The folks at Proper Printing YouTube channel decided to combine FFF and SLA 3D printing processes, with interesting results.
FFF 3D printing is the most popular process these days because of its low cost, safe methods and good results. FFF involves heating a thermoplastic filament to “toothpaste” softness, and then depositing it in a pattern, layer by layer.
SLA 3D printing involves use of a photopolymer resin that solidifies when exposed to a sufficient amount of UV light, often by a laser. The laser traces “solid” paths through a surface of resin, creating objects layer by layer.
But could these two very different technologies be combined to form a unique “FRF” 3D printer? Jón Schone of Proper Printing decided to figure out how to do it.
And he did!
The idea was to replace the hot end of a FFF 3D printer with a syringe-like nozzle that would deliver photopolymer resin. The resin would be immediately solidified upon nozzle exit by a suitable laser aimed at the space just beyond the tip.
But how would the resin arrive at the nozzle? Schone designed a peristaltic pump — which was 3D printed, of course — that could deliver the resin to the nozzle. However, that type of pump pulses periodically and Schone had to figure out a way around that.
In the video below, Schone goes through the entire experimental experience of designing the Frankenstein “FRF” device. Because of his choice of using a laser instead of LED lights, there were safety concerns. Schone had to wear eye protection during the experiments, as well as using a fume extractor as is customary when working with toxic photopolymer resin.
After confirming that the basics of the concept were actually workable, Schone then redesigned the toolhead to hold the laser and nozzle. In order to deliver the UV light energy in a proper manner, the laser beam was split using glass fibers that were arranged in a circular pattern around the nozzle. This allowed UV light energy to hit the wet resin regardless of the direction of the toolhead. Also, the laser source itself was rather large and heavy and could not be mounted on the toolhead itself. This is similar to the situation found in laser cutters, where the beam is directed by mirrors to the target.
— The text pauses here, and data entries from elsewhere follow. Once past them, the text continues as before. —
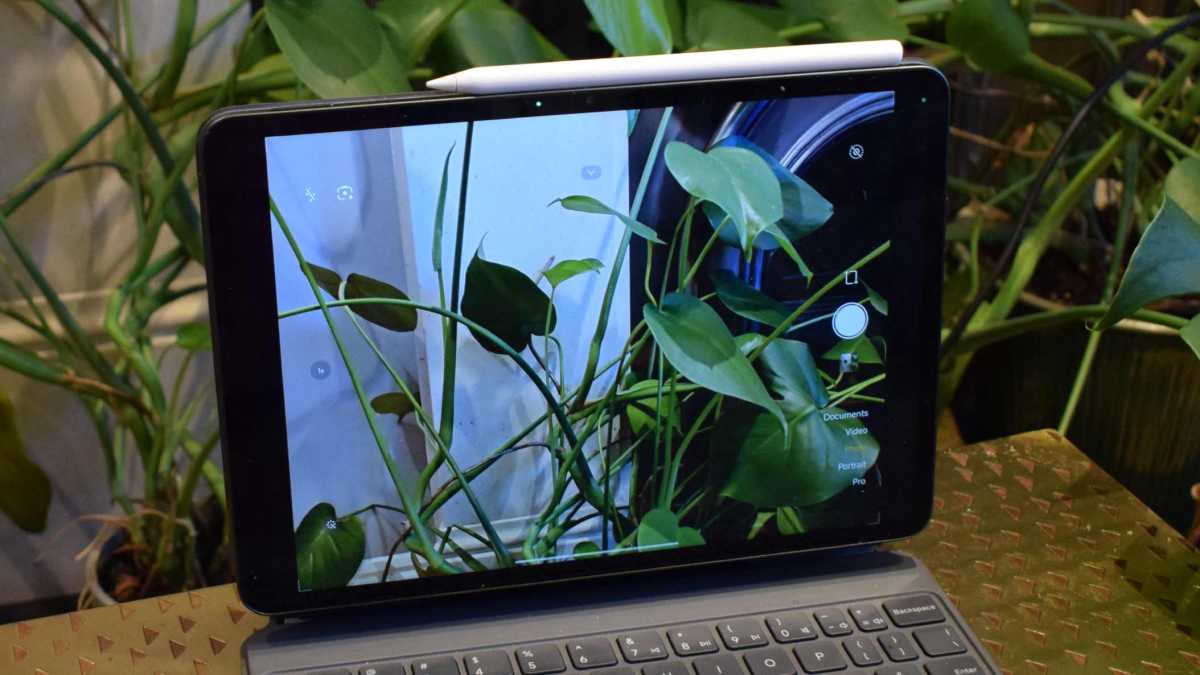 The Xiaomi Pad 8 in its camera app, with the viewfinder showing a plant.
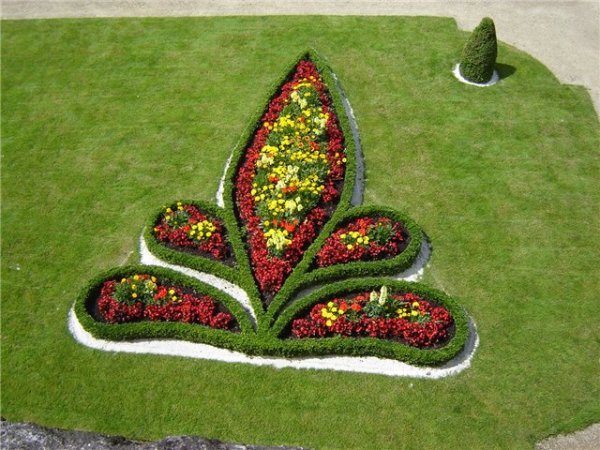 Арабеска из однолетников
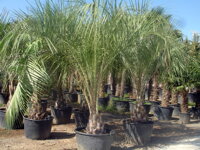 Butia Capitata farma Španielsko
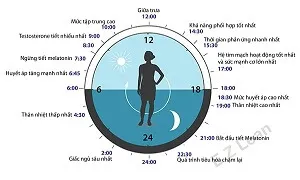 Nhịp sinh học hằng ngày và vì sao bạn cần quan tâm nó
The experiment proceeds through quite a bit of tuning, as would be expected since this is an entirely new 3D printing process. One issue was that the resin was solidifying in the nozzle before it exited as UV light would leak in. This was fixed with opaque electrical tape, as you will see.
In the end, the initial concept didn’t work, but a redesign involving two side-mounted laser units seemed to do better, but still not quite successful. It seems there are plenty of issues to solve, and it sounds like this will be attempted in a future video from Schone.
Could the “FRF” concept become a commercial product? I’m not thinking it will for several reasons.
First, working with resin is not fun at all. It’s toxic, messy and expensive. Really, the only reason it’s used at all by inexpensive resin 3D printers is because it is possible to obtain extremely high quality prints. You’re essentially trading operational pain for resolution.
If the quality of the FRF results were not as good, then why bother? The motion system of a cartesian 3D printer is unlikely to provide resolution better than a precision, fixed-mount LCD panel or SLA laser system. The requirement to wear protective eyewear alone is going to dramatically
Finally, it seems to me that this approach has so many ways to fail it could be challenging for most operators. The ability to make something work once doesn’t mean it will work thousands of times for others.
Regardless of the commercial viability, this is a very interesting experiment.